CIDA in the past has been significantly involved in helping shape Canada’s approach on global development issues such as debt or tariff reform.  It played a substantive role in delivering Canada’s ‘soft power’.  Regretfully, that sort of effectiveness is certainly ‘no-no’ behaviour in today’s highly centralised Harper government.

Amalgamation as planned will be largely about tighter day-to-day political control.  There seems to be no bold plan to improve the ‘give and take’ needed for effective policy coherence, both strategic and operational.  Neither the Budget document nor Minister Baird talked about a coherence-promoting role for CIDA staff, despite their almost daily interaction with developing country leaderships.  Even less is said about listening to what developing countries, poorest and emerging, themselves want.  Yet political openness to simple dialogue could bring important coherence gains to our international development stance.

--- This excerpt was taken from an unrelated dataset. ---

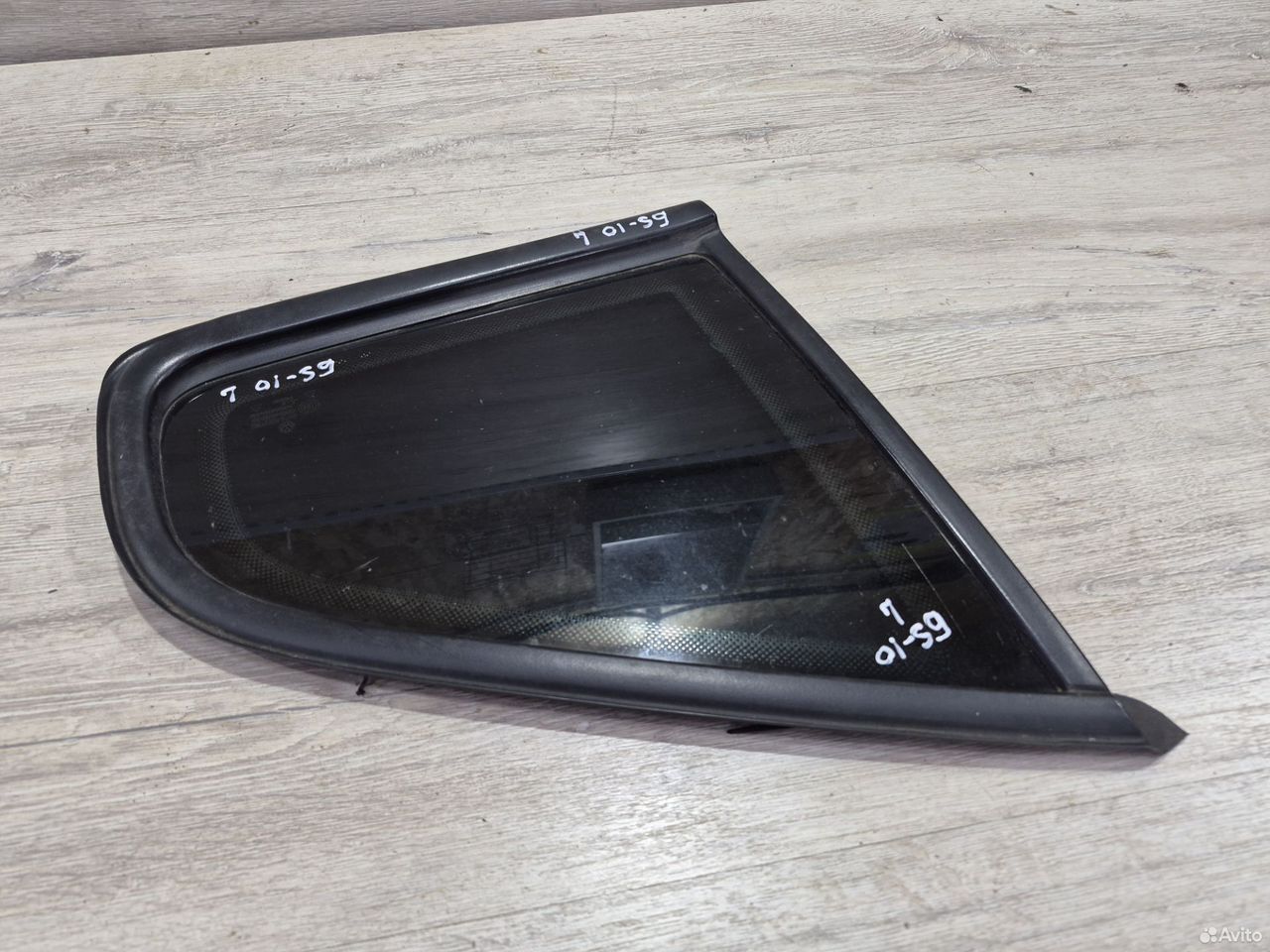 Форточка левая Volkswagen Passat B5 — фото 4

Amalgamation is also supposedly about greater effectiveness.  Donors, including the Harper Government, and their development partners (aid recipients in old-talk) have signed on, via a series of major international conferences, to a code of conduct for more effective partnership.  Key to that is the Paris Declaration, of which Minister Fantino said he had never heard.  This agreement on enhanced development effectiveness discourages many of the very things that today’s amalgamation is most about – pushing our own agendas and interests in the guise of ‘aid’ and designing projects our way, not engaging and respecting the needs of the beneficiary countries.  This same flawed approach led to the wasting of tax-payers’ money on white elephants like the $50m Dahla dam in Afghanistan, rather than the empowering of the poor and vulnerable in fragile states.

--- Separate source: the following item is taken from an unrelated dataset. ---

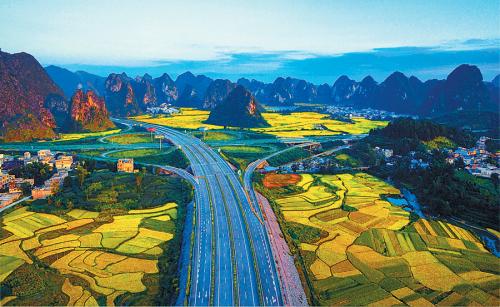 广西发展,双刃剑效应探析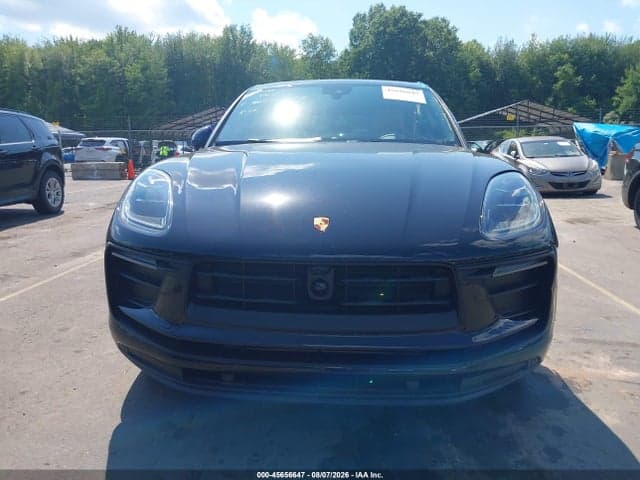 2026 PORSCHE MACAN T 12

The very name ‘CIDA’ will be wiped off the map.  We will be throwing away a brand name with a reputation earned over six decades.  Canadian businessmen would pay millions of dollars to buy such national goodwill.  Instead CIDA’s demise will become a point of puzzlement and often sadness at a lost friend for many senior bureaucrats and politicians in emerging economies.  These people who once worked closely with CIDA are often now the power-brokers with whom we seek business relationships or support in international fora.  [Note: in contrast, the Nordics sensibly protected the names, SIDA and DANIDA, under their amalgamations].

Minister Fantino will have a shiny new title, but in practice his role will be effectively reduced to ‘concurrence’ seeker and messenger boy for Mr. Baird.  Their respective political staff will no doubt squabble endlessly over turf.  The pile of pending projects, now shuffling to and fro between Sussex Drive and Gatineau, will only grow, as will the possible level of lapsed funds.  In the meanwhile our international credibility will decline further with both recipients and our DAC donor partners.

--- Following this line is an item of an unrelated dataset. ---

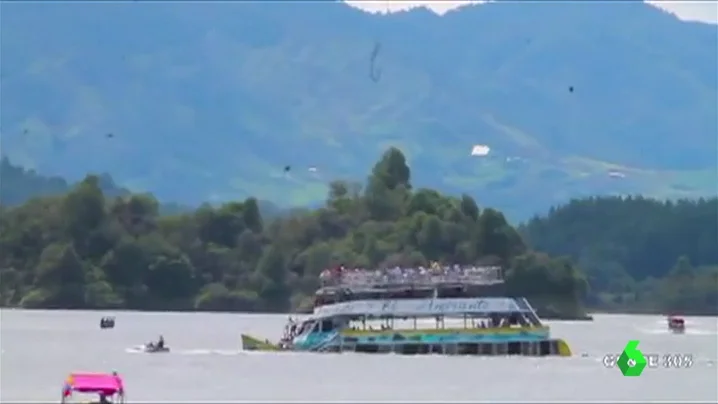 Hundimiento de un barco turístico en Turquía Hundimiento de un barco turístico en Turquía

In all of this amalgamation confusion, there will be no real increase in the engagement of Canadian political leaders and their advisors with the realities of the increasingly complex world of global development.   Even the very word ‘co-operation’ is being dropped from the Minister’s title.

Can the to-be-merged top bureaucrats, help fill the creativity and understanding gap?  One fears not. The fact they were not party to this so fundamental decision shows the chasm of trust between bureaucracy and the country’s political leadership.  As for working level staff, in old CIDA or the trade and political arms of DFAIT, the synergy gains are almost all mythical.  DFAIT staff are not development experts, but rather specialists in the talkfests and policy briefs that Mr. Baird reportedly hates. The likelihood is that only a few policy and technical support units will actually merge.  Post-amalgamation skilled front-line staff will still be waiting for decisions by people who have limited empathy or knowledge of development.  In this world of the ‘chill’, more experienced personnel will choose to leave CIDA.

Amalgamation is a dead-end, even if unavoidable.  Canada’s interface with the developing world will be further diminished at the very time we most need strong partnerships.  There will be no inclusiveness, no consultations seeking new ideas, no reality-checks. Policy coherence will be pre-packaged in the PMO. Unquestioning implementation will be even more the institutional ‘norm’.